Reinhold Fieler, deputy member of the City Council of Tromsø shares his view.
- The local democracy has been weakened through complicated bureaucratic and technocratic processes. The common citizens are not able to influence city planning other than through the voting for their candidates in the City Council. Through the Year of Urban Development the citizens got a chance to debate and comment on the city planning in the middle of the processes rather than being informed after the city council had passed their resolutions. People got involved and informed through media and open meetings, says Fieler.
- I have to admit that I was skeptical to this “open round” concerning the city center, but I was  pleasantly surprised. The methods used through this “open round” should be transferred to other political topics, such as education or senior citizen care.
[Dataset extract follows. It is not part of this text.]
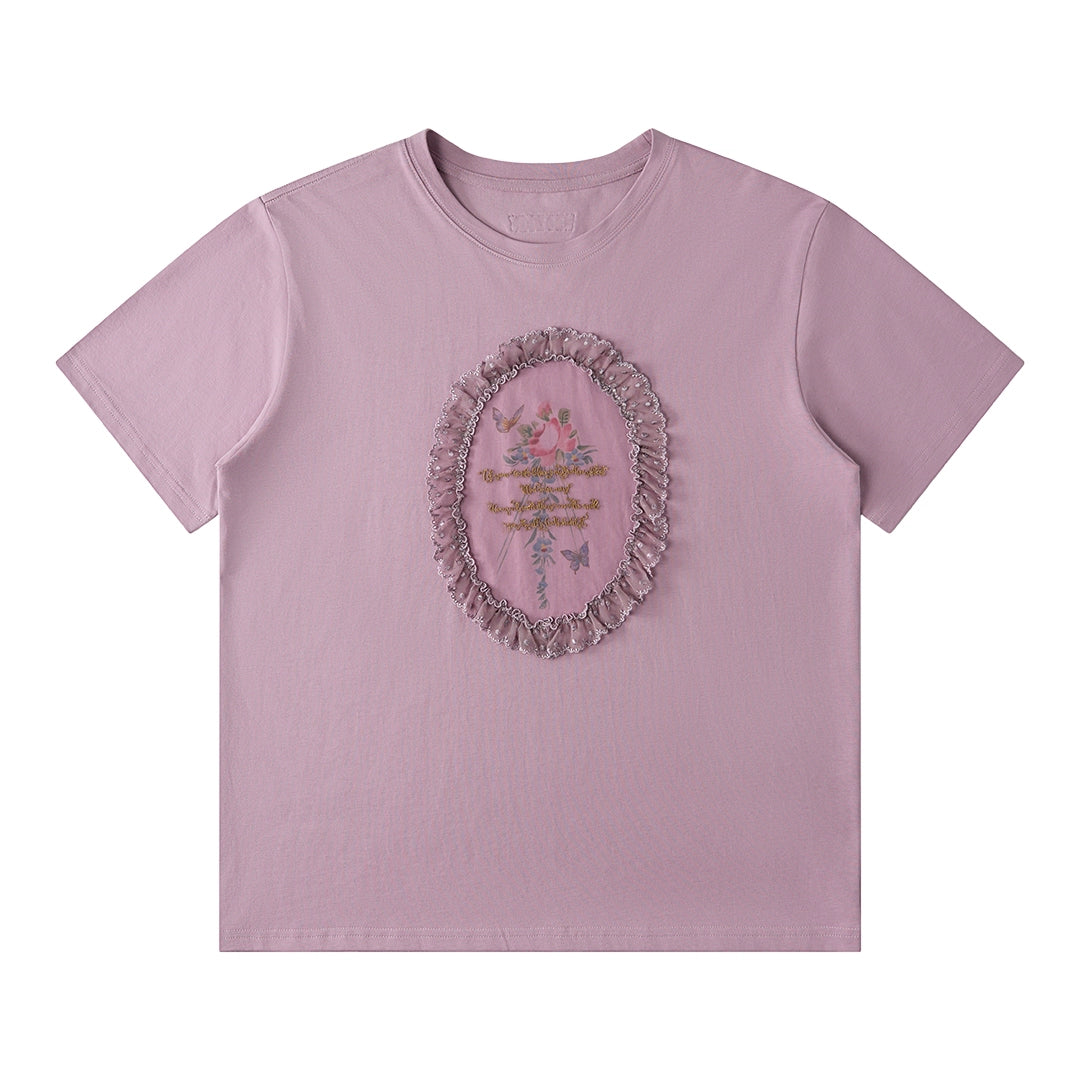 Loose Floral Print Crew Neck T-Shirt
Political processes should be made available for the common citizen in an earlier phase, and we should have organizations that continually refine and hand in their suggestions as a premise to the city planners and politicians.
- We have to improve democracy, or people will give up trying to participate in decision making.  The Year of Urban Development shows us the method to get more people involved.

City activists get involved
- Through the youth center, Tvibit, I was encouraged to arrange a city walk to the wharf property, says Aurora Nielsen, project worker and ”city activist”.
After The Year of Urban Development there is now an open debate, which gives young people the opportunity to participate and have an influence in the debates concerning city planning.
- Suddenly I realized that I was really committed! I saw the possibilities I had, and realized what I could do to influence, and I suddenly saw what wasn’t being done in the city. Now I am searching for information wherever I can get it, and I am the leader of “The city activists”, a group of young people who are interested in city planning.  I am often walking into the town’s city planning office asking questions about the lately planned city projects. I read endless bureaucratic documents so I am up to date with what’s going on in the city. It is important to me that we keep some of the public spaces left in the city center, not building private apartments all over. Right now I think we should rather wait and leave space for big national building projects like an Art Academy, or other important projects. Don’t waste all the public space now!

The awakening
- I think Tromsø has developed a new way of involving the citizens, a new way of using our citizens qualifications and knowledge as an alternative to the bureaucratic processes, and we have we have created a contemporary culture for changing the city and looking towards the future city, says Dahl
- Not everybody wants to get involved by writing letters for the newspaper or voice their opinion out loud. Some people were happy just to walk with us at the city walks, says Dahl.
- “I am happy just being able to participate and getting informed” they said.
The methods developed through The Year of Urban Development give people the chance to get involved in different levels of city planning.
- The Year of Urban Development forced the architects to participate in the debate. We now have a better city where people are awake and starting to demand more from the architects and their projects. The hit and run projects are being rejected. The city center is looked upon as a cultural arena, not just a property for lousy housing projects, says Dahl.
Through the Venezia biennale Tromsø is now exposed to the international community. The city has to continue its courageous debate with itself at an international arena, but the city will also be forced to discuss its challenges with the world.

Amundsen thinks the democratic methods developed through The Year of Urban Development will give Tromsø future advantages.
- The cities able to realize democratic methods such as The Year of Urban Development, are the cities who will win the struggle for recruiting talent. Skilled people are searching for the open, tolerant places. Only the truly humanist cities, which realize the human resources they inhabit in the best possible way, and give their talents the opportunity to create and use their abilities, will grow and be the leading cities of the world.